= Linsly R. Williams =

Linsly R. Williams (January 28, 1875 - January 8, 1934) was a physician who served as director of the New York Academy of Medicine, and president of the New York Tuberculosis and Health Association.

He was born on January 28, 1875, in New York, to John Stanton Williams and Mary Maclay Pentz Williams. He attended Princeton University, graduating in 1895, and then Columbia University, where he took an MA in 1899 and his medical degree from Columbia's medical school. He interned at Presbyterian Hospital and Sloane Maternity Hospital, and then became chief of the medical department of the Vanderbilt Clinic in 1902, also starting his own practice that year. He taught at Columbia from 1902, initially as an instructor in histology.

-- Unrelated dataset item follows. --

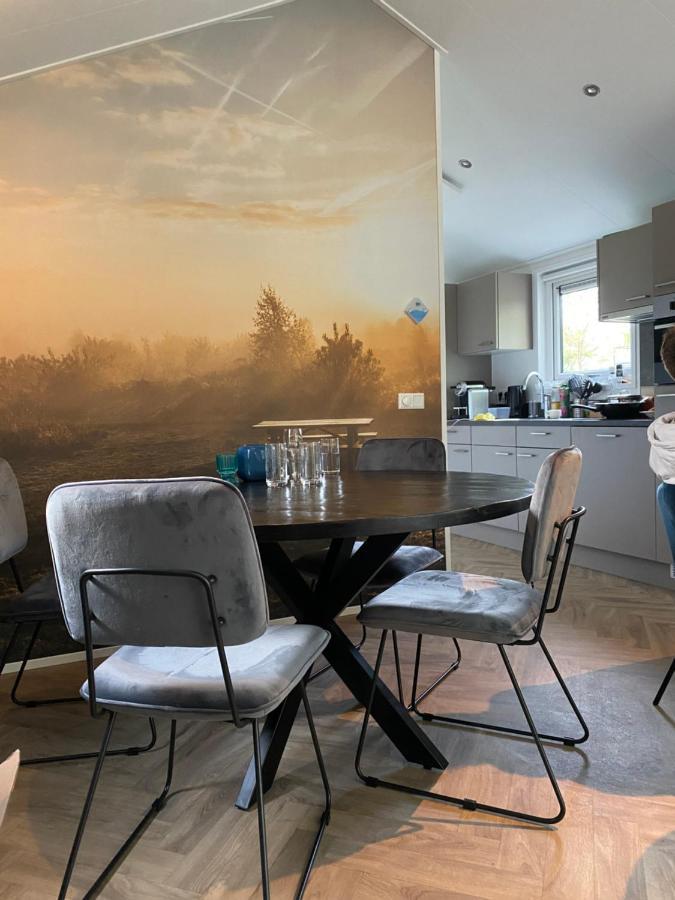 Luxe En Gezellig Chalet Aan Veluwemeer 4 Pers Hulshorst Eksteriør bilde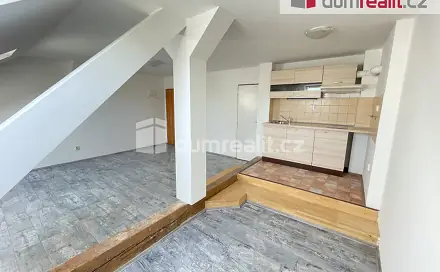 Pronájem bytu 1+kk 32 m², Jindřicha Plachty, Praha 5 - Smíchov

He was State Deputy Health Commissioner from 1914 to 1917, and was offered the post of State Health Commissioner in 1930 by Governor Roosevelt, but turned it down. He was a first lieutenant in the Medical Reserve Corps from 1917, visiting France, and soon was promoted to Major and then to Lieutenant Colonel in the Medical Corps. He left the army in 1919.

For the next three years he ran the Rockefeller Foundation's efforts to reduce tuberculosis in France. In 1922 he left France for the post of managing director of the National Tuberculosis Association in New York, staying there until 1928, and being appointed the first director of the New York Academy of Medicine in 1924.

He was awarded the Legion of Honor (France), and was made a Knight of Dannebrog by Denmark. His wife was Grace Kidder Ford, the widow of the novelist Paul Leicester Ford; Williams had saved the life of Grace's daughter Lesta. They had three children.